In the case of the squared function, the extent is simply passed-along in the call to inputs.getone(None, extent) … in other words, squared is counting on the upstream task providing its input to know what to do with the extents object.

This is why we used graphcat.array to implement task “A”, because it knows how to use the extent returned by graphcat.ArrayExtent, using it to return a subset of the stored array.

That subset is returned by task “A”, and task “B” computes the squares as requested.

Note that, as with static and dynamic graphs, streaming graphs don’t execute tasks unless they have to. For example, if we ask for the same data again, using the same extent:

[4]:

graph.output("A", extent=graphcat.ArrayExtent[0:4])

INFO:graphcat.common:Task A updating.

[4]:

array([0, 1, 2, 3])

… we get the same result, but the tasks haven’t been executed again. If we use a different extent:

[5]:

graph.output("A", extent=None)

INFO:graphcat.common:Task A updating.
INFO:graphcat.common:Task A executing. Inputs: {} Extent: None
INFO:graphcat.common:Task A finished. Output: [0 1 2 3 4 5 6 7]

[5]:

array([0, 1, 2, 3, 4, 5, 6, 7])

… then the tasks are executed. Note from the above that when you use None as an extent, it means “return everything”. None is the default extent everywhere in the API that extents are used, so the default behavior of streaming graph methods is to behave exactly like static and dynamic graphs.

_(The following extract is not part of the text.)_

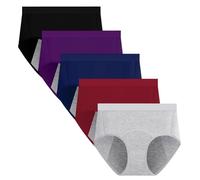 Yintry Culottes menstruelles pour Femmes sous-vêtements en Coton étanches Pantalons de Protection Contre Les Flux intenses Culottes Respirantes Paquet de 5 (XL, Style2)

Note that ArrayExtent is just one example of an extent. You can use any Python object as an extent, so long as your task functions know how to make use of it. You could use a string containing an filepath or an SQL query as an extent, or a tuple containing a range of timestamps.

Furthermore, your task functions are free to modify or replace extents - for example, a task function that performs convolutional filtering on arrays would need to grow an incoming extent to avoid edge effects.